> [Task instructions]: Since only the text is wanted, print every entry below exactly and omit the images.

> [Dataset records]:
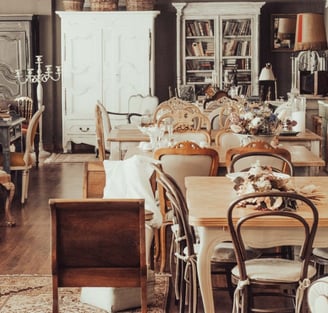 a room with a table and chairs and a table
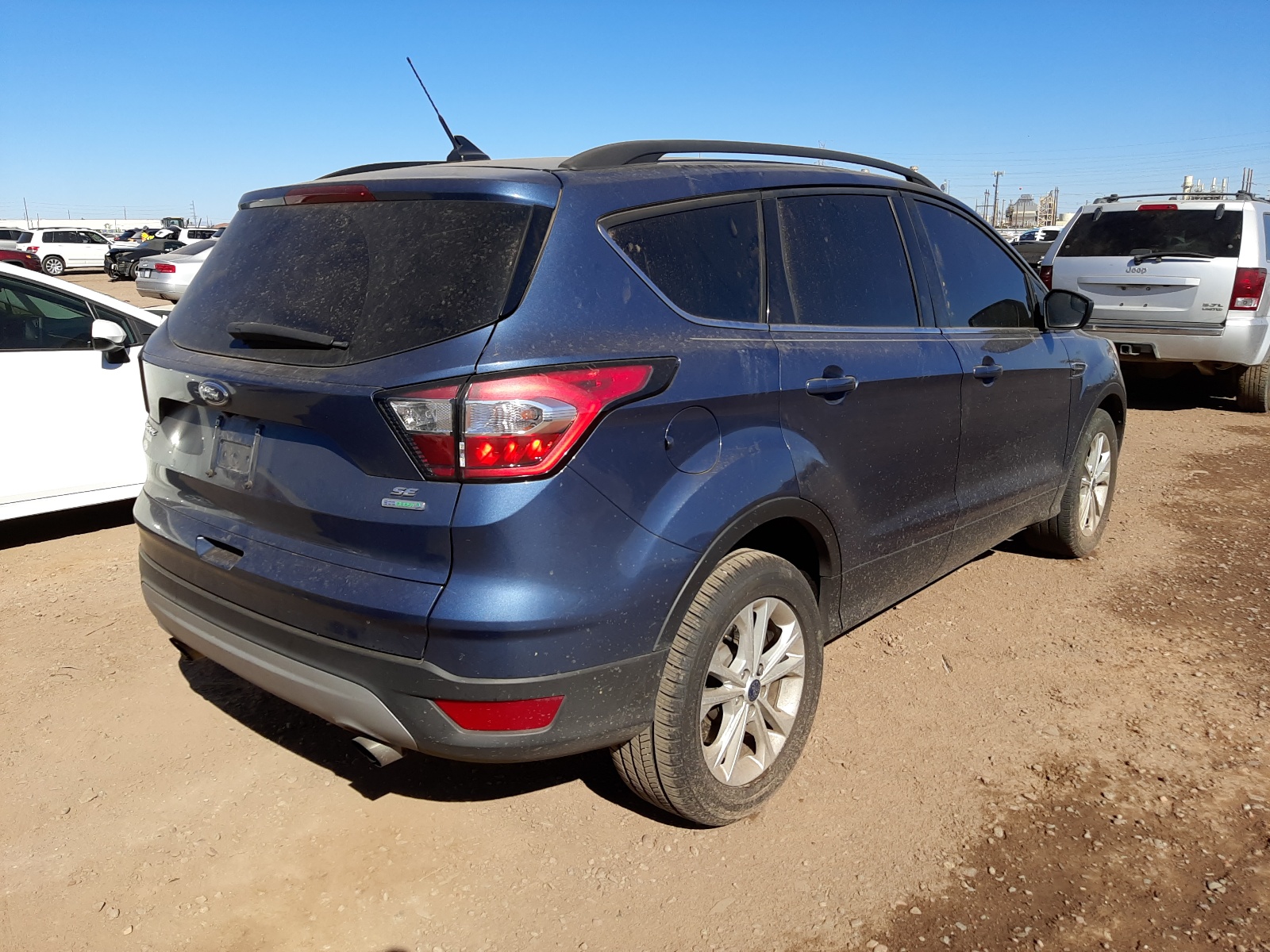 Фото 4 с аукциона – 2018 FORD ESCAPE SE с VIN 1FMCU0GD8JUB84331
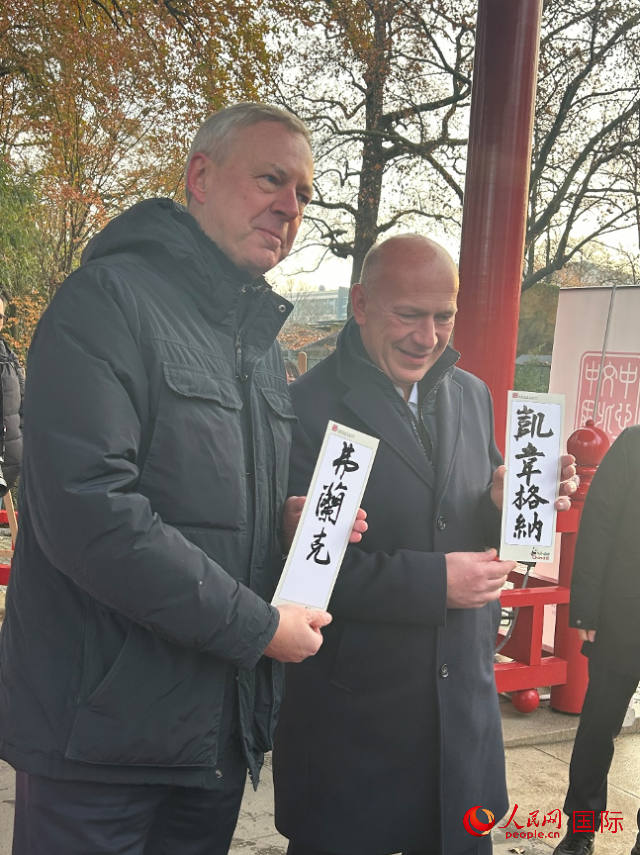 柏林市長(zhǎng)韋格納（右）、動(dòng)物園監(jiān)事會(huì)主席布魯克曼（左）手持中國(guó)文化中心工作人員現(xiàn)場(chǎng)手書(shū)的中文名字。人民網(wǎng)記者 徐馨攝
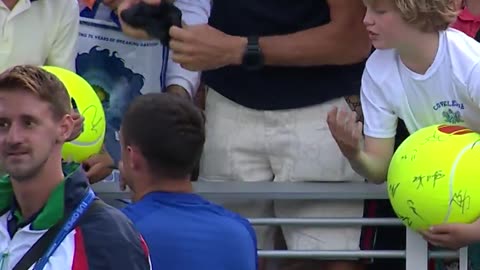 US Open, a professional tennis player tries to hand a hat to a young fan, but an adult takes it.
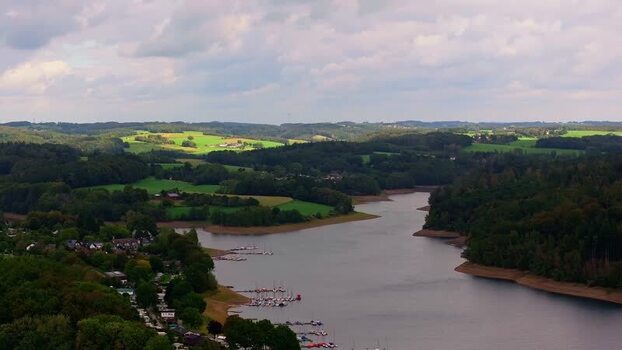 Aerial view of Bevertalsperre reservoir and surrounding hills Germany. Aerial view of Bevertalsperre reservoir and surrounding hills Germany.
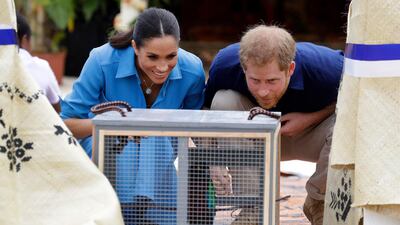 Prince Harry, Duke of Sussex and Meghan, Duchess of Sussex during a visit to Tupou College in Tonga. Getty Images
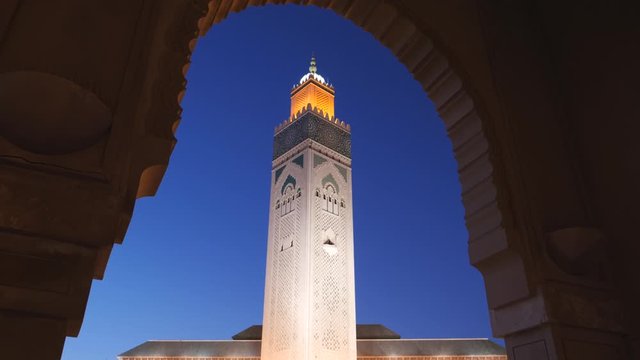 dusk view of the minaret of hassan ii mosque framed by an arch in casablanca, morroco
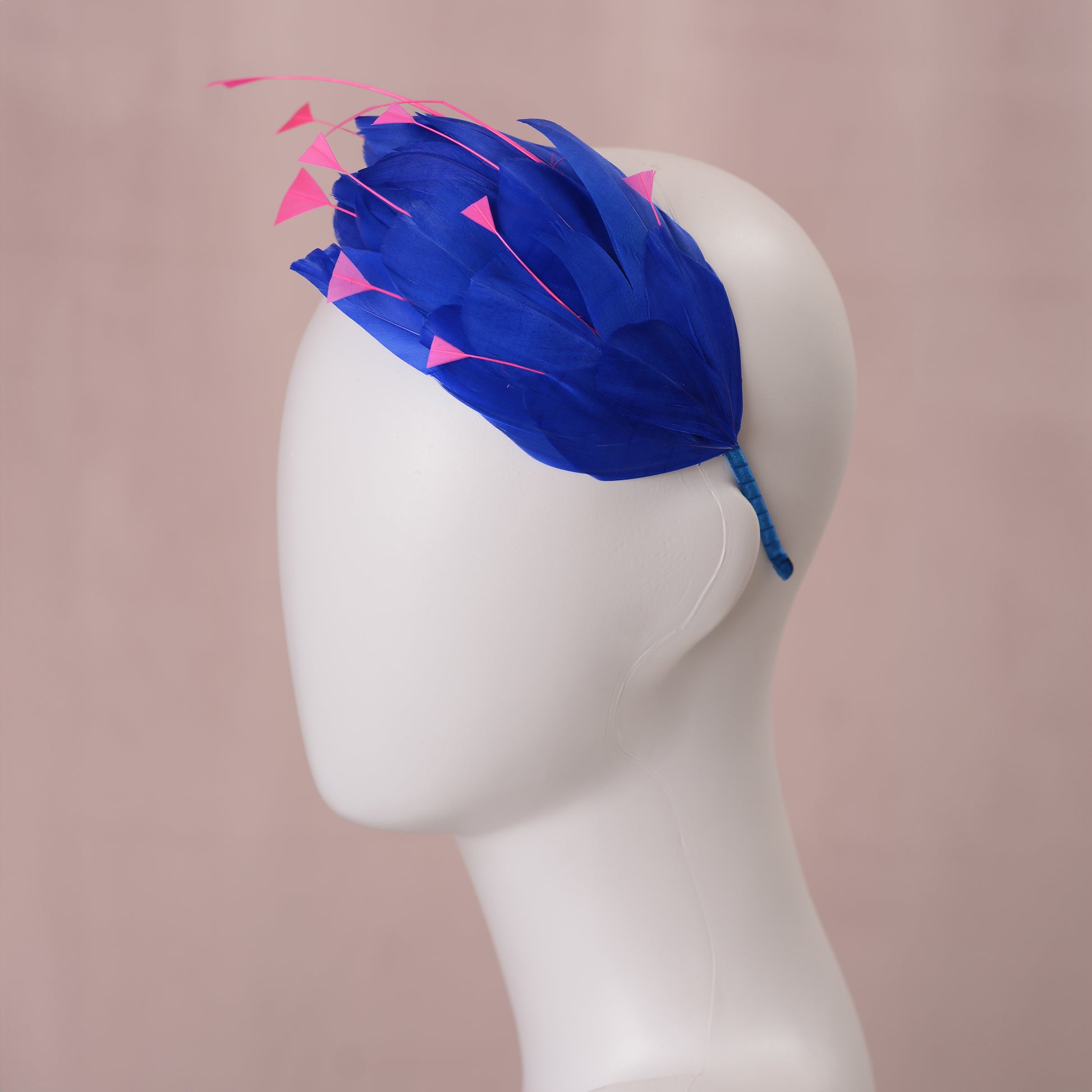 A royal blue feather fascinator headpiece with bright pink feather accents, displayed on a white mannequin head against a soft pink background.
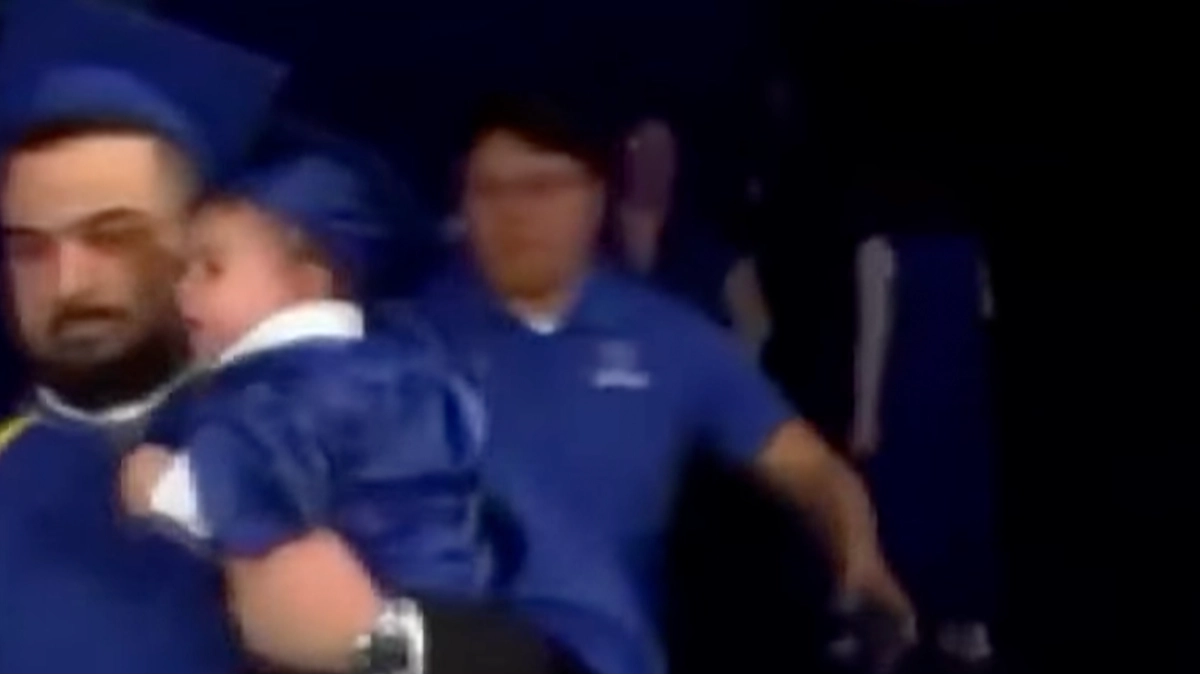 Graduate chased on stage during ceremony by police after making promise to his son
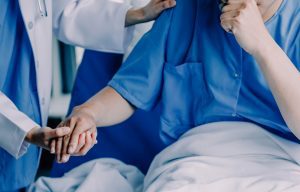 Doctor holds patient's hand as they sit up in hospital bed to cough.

> [Reply]:
 a room with a table and chairs and a table
 Фото 4 с аукциона – 2018 FORD ESCAPE SE с VIN 1FMCU0GD8JUB84331
 柏林市長(zhǎng)韋格納（右）、動(dòng)物園監(jiān)事會(huì)主席布魯克曼（左）手持中國(guó)文化中心工作人員現(xiàn)場(chǎng)手書(shū)的中文名字。人民網(wǎng)記者 徐馨攝
 US Open, a professional tennis player tries to hand a hat to a young fan, but an adult takes it.
 Aerial view of Bevertalsperre reservoir and surrounding hills Germany. Aerial view of Bevertalsperre reservoir and surrounding hills Germany.
 Prince Harry, Duke of Sussex and Meghan, Duchess of Sussex during a visit to Tupou College in Tonga. Getty Images
 dusk view of the minaret of hassan ii mosque framed by an arch in casablanca, morroco
 A royal blue feather fascinator headpiece with bright pink feather accents, displayed on a white mannequin head against a soft pink background.
 Graduate chased on stage during ceremony by police after making promise to his son
 Doctor holds patient's hand as they sit up in hospital bed to cough.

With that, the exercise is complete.